Cavendish Farms
- Company type: Private company
- Industry: Agribusiness
- Founded: 1980; 46 years ago
- Headquarters: Dieppe, New Brunswick, Canada
- Key people: James K. Irving (CEO)
- Parent: Irving Group
- Website: www.cavendishfarms.com

= Cavendish Farms =

Private Canadian company owned by KC Irving family

Cavendish Farms is a Canadian food processing company and subsidiary of the J. D. Irving group of companies. Its headquarters are in Dieppe, New Brunswick and potato processing plants in New Annan, Prince Edward Island, Lethbridge, Alberta, and Jamestown, North Dakota, and an appetizer plant in Wheatley, Ontario. It is the 4th largest processor of frozen potato products in North America. It was established in 1980. The New Annan facility employs about 700 people. It is one of the largest employers in Prince Edward Island. Cavendish Farms is the "largest private-sector employer in P.E.I." About 80 P.E.I. farmers grow potatoes for Cavendish Farms.

==Background==

In 1980, Irving Group purchased C.M. Mclean potato and vegetable processing facility in PEI Canada and renamed it Cavendish Farms. In 2001, Cavendish Farms acquired its "first US processing plant in Jamestown, North Dakota". Cavendish Farms is part of the family-owned Irving Group of Companies established in 1882.

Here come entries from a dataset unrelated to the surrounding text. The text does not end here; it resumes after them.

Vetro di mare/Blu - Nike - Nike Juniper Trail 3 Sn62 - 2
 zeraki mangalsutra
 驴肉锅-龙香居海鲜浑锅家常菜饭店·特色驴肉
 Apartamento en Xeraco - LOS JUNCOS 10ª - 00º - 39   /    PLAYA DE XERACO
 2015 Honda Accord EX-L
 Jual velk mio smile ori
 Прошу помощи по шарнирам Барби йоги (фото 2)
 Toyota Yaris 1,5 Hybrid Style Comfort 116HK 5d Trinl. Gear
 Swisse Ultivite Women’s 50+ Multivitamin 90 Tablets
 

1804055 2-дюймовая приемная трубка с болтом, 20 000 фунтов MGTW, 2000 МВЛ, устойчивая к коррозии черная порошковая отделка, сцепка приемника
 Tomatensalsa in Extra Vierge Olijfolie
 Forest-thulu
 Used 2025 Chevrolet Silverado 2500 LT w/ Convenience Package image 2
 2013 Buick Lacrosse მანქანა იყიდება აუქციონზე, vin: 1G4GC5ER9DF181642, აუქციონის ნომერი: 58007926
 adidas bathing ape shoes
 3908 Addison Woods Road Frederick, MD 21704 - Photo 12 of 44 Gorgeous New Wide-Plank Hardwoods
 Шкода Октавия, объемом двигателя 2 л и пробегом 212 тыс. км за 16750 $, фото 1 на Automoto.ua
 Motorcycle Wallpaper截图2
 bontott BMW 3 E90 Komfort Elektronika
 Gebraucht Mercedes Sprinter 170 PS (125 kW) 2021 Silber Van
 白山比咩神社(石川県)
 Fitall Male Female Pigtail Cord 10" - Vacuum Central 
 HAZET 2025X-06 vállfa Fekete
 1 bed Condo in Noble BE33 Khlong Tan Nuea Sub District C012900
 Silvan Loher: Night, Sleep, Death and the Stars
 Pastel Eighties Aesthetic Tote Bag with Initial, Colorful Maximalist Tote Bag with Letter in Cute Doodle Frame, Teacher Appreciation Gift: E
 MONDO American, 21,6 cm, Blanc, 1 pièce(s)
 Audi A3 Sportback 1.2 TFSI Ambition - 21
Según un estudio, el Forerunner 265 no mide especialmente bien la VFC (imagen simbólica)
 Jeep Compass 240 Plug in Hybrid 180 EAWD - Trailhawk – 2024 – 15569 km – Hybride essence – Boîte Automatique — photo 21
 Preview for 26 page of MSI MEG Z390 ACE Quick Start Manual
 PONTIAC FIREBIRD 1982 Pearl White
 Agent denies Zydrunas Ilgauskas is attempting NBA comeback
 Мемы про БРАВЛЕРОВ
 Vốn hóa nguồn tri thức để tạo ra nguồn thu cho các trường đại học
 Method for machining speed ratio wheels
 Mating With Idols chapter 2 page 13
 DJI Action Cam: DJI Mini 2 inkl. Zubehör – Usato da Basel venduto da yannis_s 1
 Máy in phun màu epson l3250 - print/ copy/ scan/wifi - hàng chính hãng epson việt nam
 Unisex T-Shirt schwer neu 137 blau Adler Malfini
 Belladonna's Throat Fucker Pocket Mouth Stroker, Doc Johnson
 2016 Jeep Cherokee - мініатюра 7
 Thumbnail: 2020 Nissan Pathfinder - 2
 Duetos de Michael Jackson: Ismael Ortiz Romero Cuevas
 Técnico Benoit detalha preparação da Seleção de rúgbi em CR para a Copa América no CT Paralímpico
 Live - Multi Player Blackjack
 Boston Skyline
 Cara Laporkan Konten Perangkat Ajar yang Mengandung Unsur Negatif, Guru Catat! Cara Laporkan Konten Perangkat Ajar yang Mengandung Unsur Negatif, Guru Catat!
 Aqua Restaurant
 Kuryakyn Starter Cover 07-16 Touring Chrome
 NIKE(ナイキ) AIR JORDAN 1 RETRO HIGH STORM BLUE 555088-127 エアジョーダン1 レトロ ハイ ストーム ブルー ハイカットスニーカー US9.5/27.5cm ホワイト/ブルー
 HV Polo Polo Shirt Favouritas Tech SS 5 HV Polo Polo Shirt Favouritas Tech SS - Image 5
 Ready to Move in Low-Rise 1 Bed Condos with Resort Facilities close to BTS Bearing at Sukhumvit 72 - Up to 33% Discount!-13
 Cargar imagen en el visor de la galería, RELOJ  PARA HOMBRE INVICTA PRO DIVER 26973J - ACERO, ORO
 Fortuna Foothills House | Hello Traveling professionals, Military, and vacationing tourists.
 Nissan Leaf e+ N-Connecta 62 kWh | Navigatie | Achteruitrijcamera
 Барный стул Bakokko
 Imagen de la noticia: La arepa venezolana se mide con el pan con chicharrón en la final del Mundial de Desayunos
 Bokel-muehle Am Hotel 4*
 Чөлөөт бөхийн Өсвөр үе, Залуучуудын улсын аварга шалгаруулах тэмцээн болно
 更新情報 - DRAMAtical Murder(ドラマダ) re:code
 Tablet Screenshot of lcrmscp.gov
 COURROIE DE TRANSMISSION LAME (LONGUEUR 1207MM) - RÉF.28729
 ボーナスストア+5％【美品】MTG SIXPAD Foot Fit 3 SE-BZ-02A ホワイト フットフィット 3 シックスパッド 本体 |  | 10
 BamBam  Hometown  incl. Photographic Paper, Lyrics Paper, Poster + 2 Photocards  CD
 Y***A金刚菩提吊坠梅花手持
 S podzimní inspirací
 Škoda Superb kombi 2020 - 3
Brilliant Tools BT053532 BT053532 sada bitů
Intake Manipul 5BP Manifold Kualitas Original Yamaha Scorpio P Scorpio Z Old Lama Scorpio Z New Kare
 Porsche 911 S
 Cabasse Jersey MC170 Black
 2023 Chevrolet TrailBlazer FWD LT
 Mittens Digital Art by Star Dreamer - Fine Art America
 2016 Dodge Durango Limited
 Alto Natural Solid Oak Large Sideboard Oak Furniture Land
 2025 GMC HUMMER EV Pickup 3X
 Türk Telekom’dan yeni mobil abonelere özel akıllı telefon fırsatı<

Cavendish Farms is the 4th largest processor of frozen potato products in North America, and the "largest private-sector employer" on P.E.I. Prince Edward Island is known for its potatoes—the potato industry employs—directly or indirectly— about 12% of the province's workforce, and contributes over $1 billion annually to the P.E.I. which represents 10.8% of the province's GDP. In 2013, about 88,000 acres of potatoes were grown in P.E.I. Of the three types of potatoes harvested table potatoes, seed potatoes, and processing potatoes, about 60% of P.E.I. are "manufactured into French fries, potato chips, and many other products."

By 2020, about 80 P.E.I. farmers grew potatoes for Cavendish Farms.

==Potato industry in Prince Edward Island==

P.E.I.'s potato industry is the "biggest economic driver in the province". In 2017, P.E.I. had the " largest potato crop in Canada", according to Statistics Canada." "Processing potatoes into french fries and other frozen products represents up to 70 per cent of the industry."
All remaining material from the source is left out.